Other high-fliers of the day included Chase Manhattan Corp, which also said that it would have a strong first quarter. Shares of Chase rose 87.5 cents, or 0.97% to $91, hitting yet another 52-week high.
However, some said interest rate jitters would resume their pressure on bank stocks' valuations.
The Federal Reserve is scheduled to meet Tuesday, and many on Wall Street expect another increase in short-term interest rates.
"Each time the Fed raises interest rates, the banks have proceeded to sell off, and investors recognize that the Fed is not finished," said Andrew Collins, an analyst at ING Barings. "So I expect to see a little bit of repositioning in the portfolios in light of the pell-mell in bank stocks that we saw last week."

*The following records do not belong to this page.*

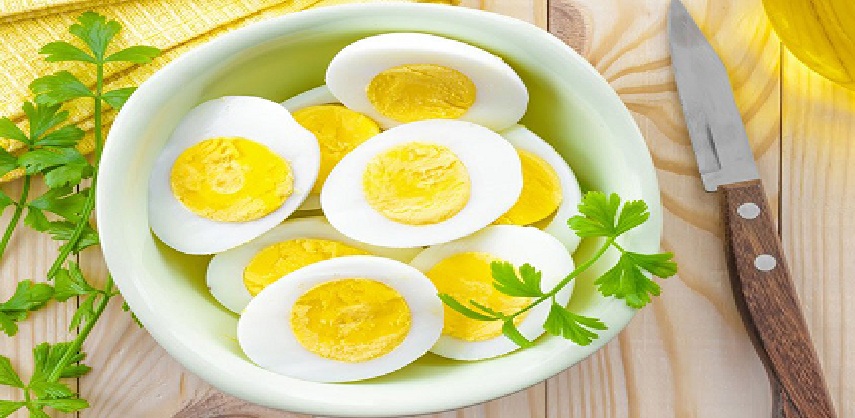 فوائد كثيرة لتناول بيضتين يوميًا..تعرفي عليها
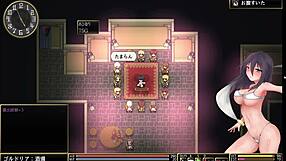 roll dia's wing another substory 4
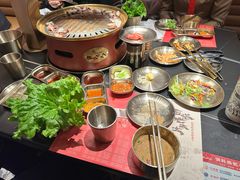 -邢氏老太太烤串(北兴街店)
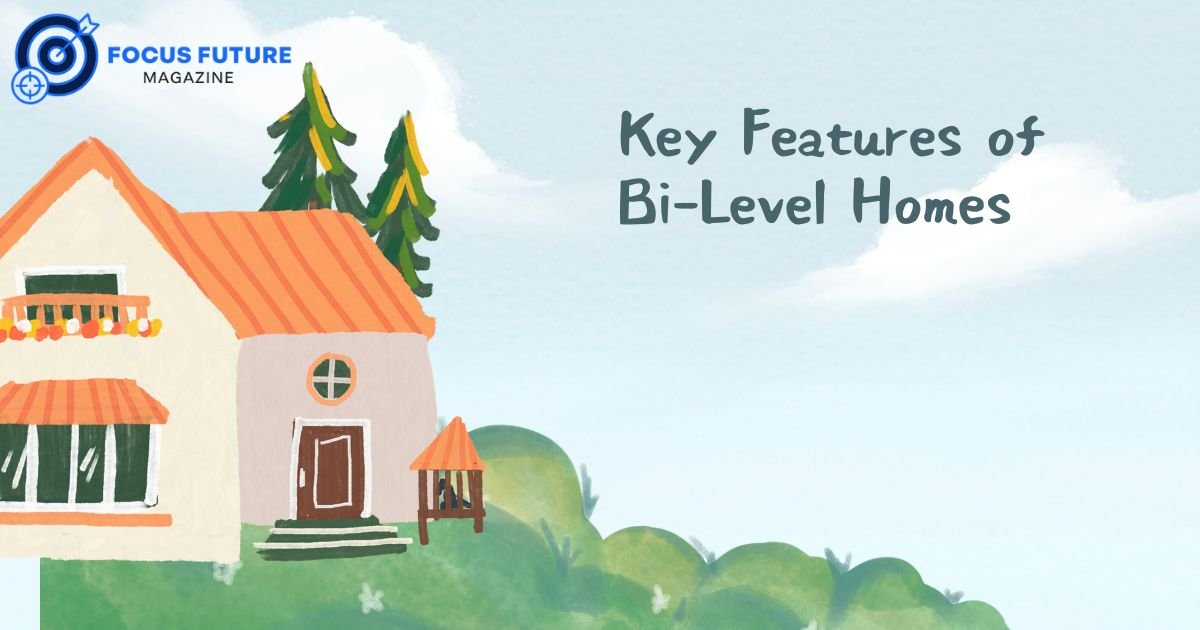 Key Features of Bi-Level Homes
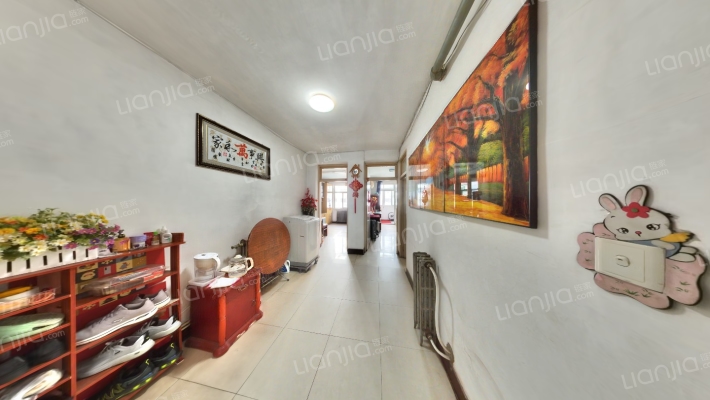 广缘里二手房实景图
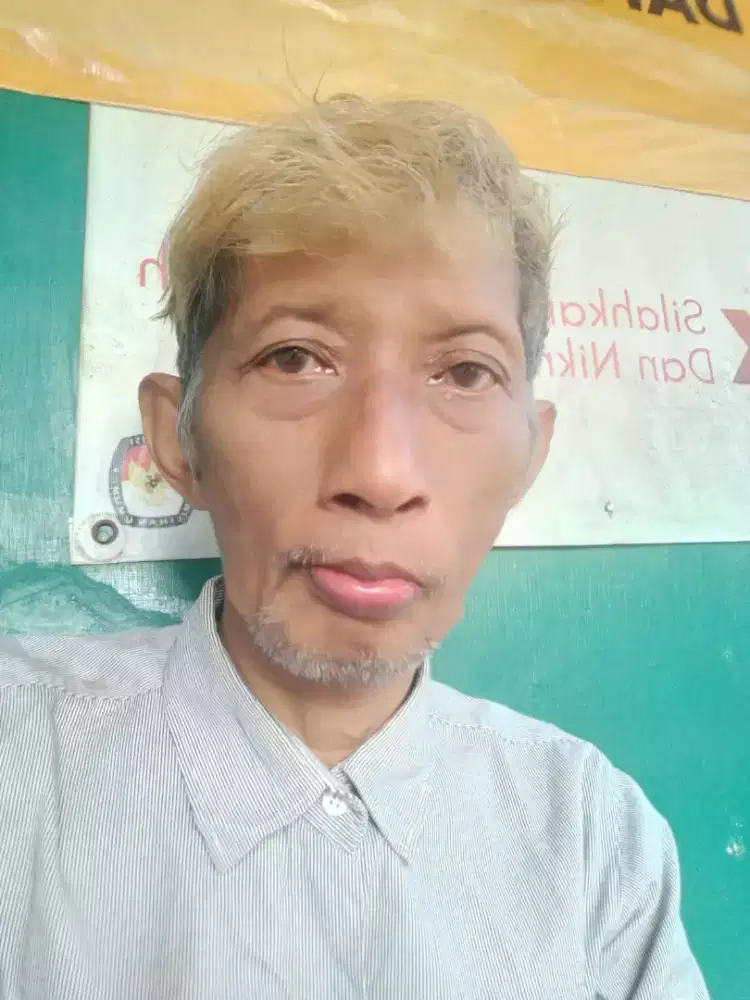 cari kerjaan sopir/driver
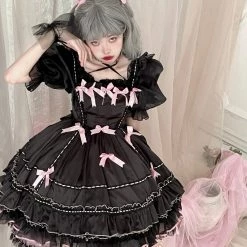 [Premium Selected] KillsBunny - Shirley Dress (designer Arilf)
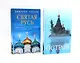 «Остров» и «Святая Русь»: книги Дмитрия Орехова (комплект из 2-х книг) - фото 1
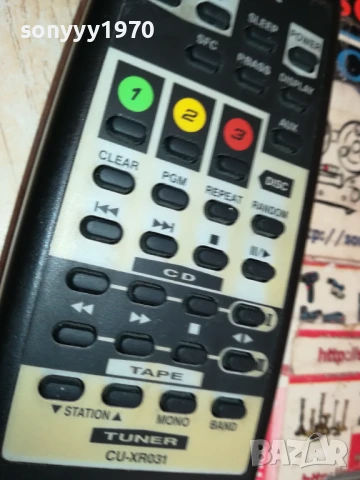 PIONEER AUDIO REMOTE-ВНОС SWISS 0106251713, снимка 11 - Други - 50506256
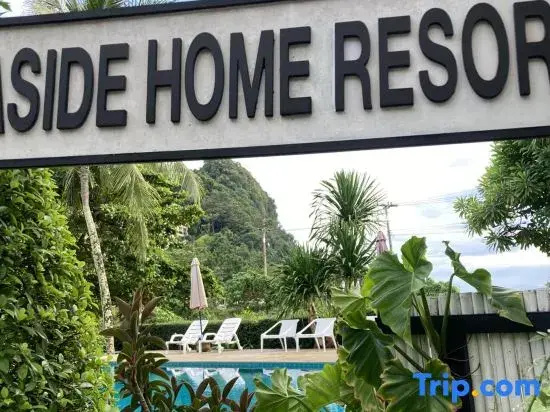 Sea Side Home Resort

Michael Mayo, an analyst at Credit Suisse First Boston, was even more skeptical of the sustained buoyancy of bank stocks.
The rally last week was cause primarily by "stocks that were oversold, rotation out of technology stock, and a rally in the bond market, which are factors that are somewhat unrelated to bank fundamentals," Mr. Mayo said. "Our view is unchanged. If you strip the capital markets revenues out of bank earnings, those earnings are under strain."